Third, the new media are rife with muddle and nonsense, distortion and error, thus perpetuating the spread of misinformation and “fake news.” Worse, the new media are a fount of rumor, innuendo, invective, and lies. Even worse, the new media can promote and express anger, hatred, rage, and fanaticism.

Fourth is the possibility of the new media falling increasingly under the control of media conglomerates and giant corporations. Google has purchased YouTube, Facebook purchased Instagram (now collectively called Meta). This could eventually subject them to the same demands placed on the mass media: how to finance the production of content and make a profit. Indeed, advertising has become far more prevalent in and on the new media.

Fifth, the new media are a threat to privacy. Google logs all the searches made on it and stores the information indefinitely. Social Media sites use viewing data to customize the ads that individuals see. There have been increasing pressures for governmental regulations to prevent the sharing of private data collected by companies with other third parties.

Political Potential

The new media are rife with political potential. They can convey a wide range of information and views. There are sites for people of every political persuasion interested in any policy issue (e.g., drugs, education, health, environment, immigration). These sites can encourage discussion and debate, stimulate political participation, raise funds, mobilize voters, and inspire civic engagement.

The new media allow politicians, political parties, interest and advocacy groups, as well as individuals to bypass the traditional media and reach the public. They can try to control their image by deciding what information to release and selecting congenial media through which to communicate it—to their benefit but not necessarily our enlightenment.
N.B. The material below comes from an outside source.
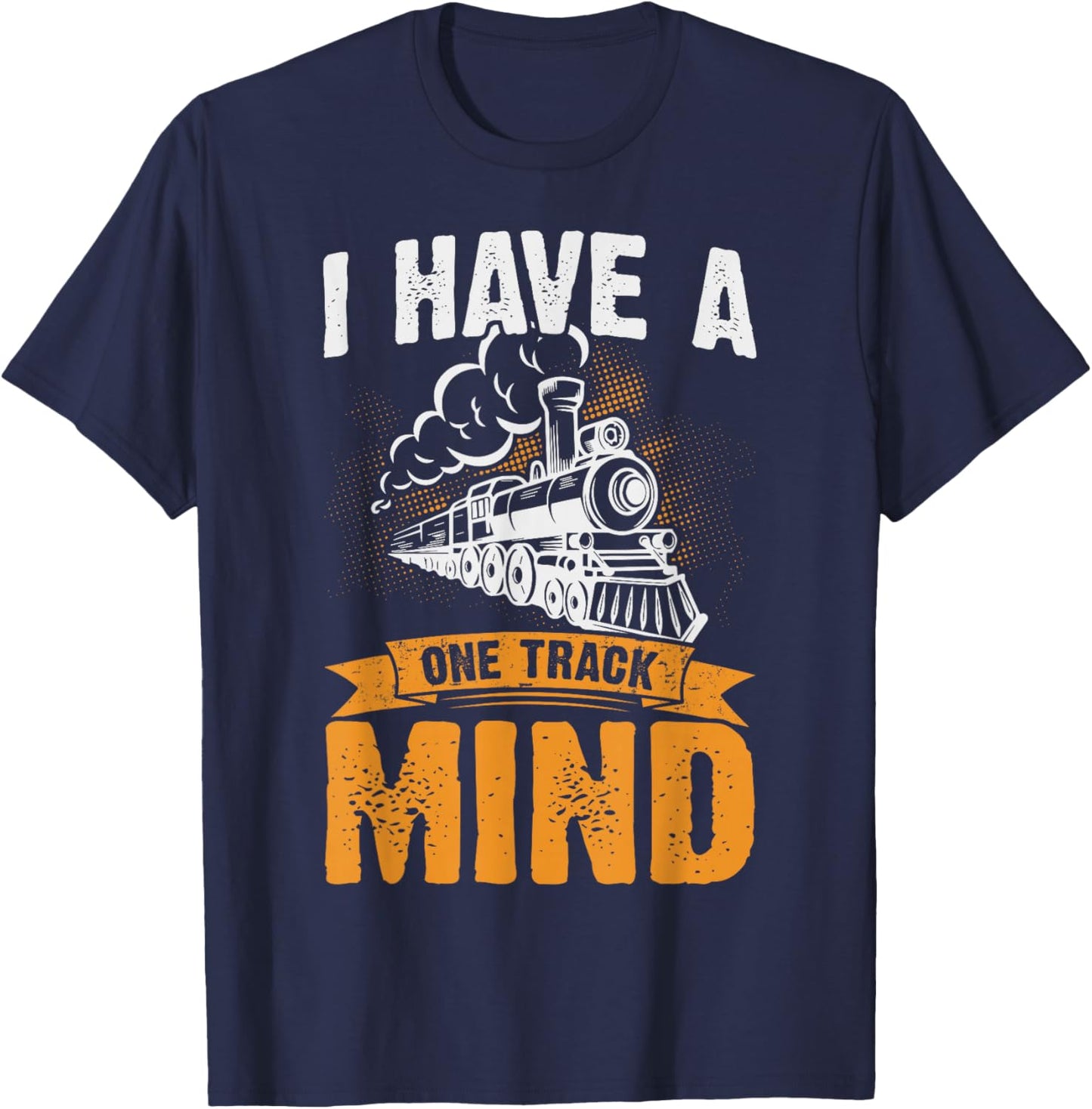 I Have A One Track Mind T-Shirt - T-Shirt | Navy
The new media offer people the potential opportunity to transcend the mass media. As newspaper columnist Thomas L. Friedman wrote rather hyperbolically, “When everyone has a blog, a MySpace page or Facebook entry, everyone is a publisher. When everyone has a cell phone with a camera in it, everyone is a paparazzo. When everyone can upload video on YouTube, everyone is a filmmaker. When everyone is a publisher, paparazzo or filmmaker, everyone else is a public figure” (Friedman, 2007).

Key Takeaways

In this section, we have explained how journalists decide what is news, how they acquire news and how they present news. We have described the techniques that people in public life use to manage and manipulate the news media to obtain positive and avoid negative depictions. Also in this section, we have identified the incidence of opinion and commentary in the media. They are prevalent in newspapers and magazines, on television and radio, and in comedy. We then described four leading influences of the media on politics, government, and public policies. These are agenda setting, framing, priming, and mobilizing.

Exercises

  1. What makes something news? How do journalists decide what to report as news?
  2. What factors determine how journalists cover politics? When is their coverage of politicians more likely to be favorable, and when is it more likely to be critical?
  3. According to the Society of Professional Journalists’ (SPJ) Code of Ethics, professional journalists should seek the truth and report it. Their code states, “Ethical journalism should be accurate and fair. Journalists should be honest and courageous in gathering, reporting and interpreting information.” In the United States, we license doctors, teachers, electricians, etc., but not journalists. In your opinion, should the government license professionally trained journalists to set them apart from the average citizen who posts their own version of the “news?” Why or why not?
  4. How can humor be used to influence public opinion? Why might satire be more effective than straight opinion in making political points?
  5. How does blogging differ from traditional journalism? What are the advantages of blogging as a form of journalism? What are the disadvantages?
  6. In what sense do new media make everyone potentially a journalist? Do you agree that this also makes everyone potentially a public figure?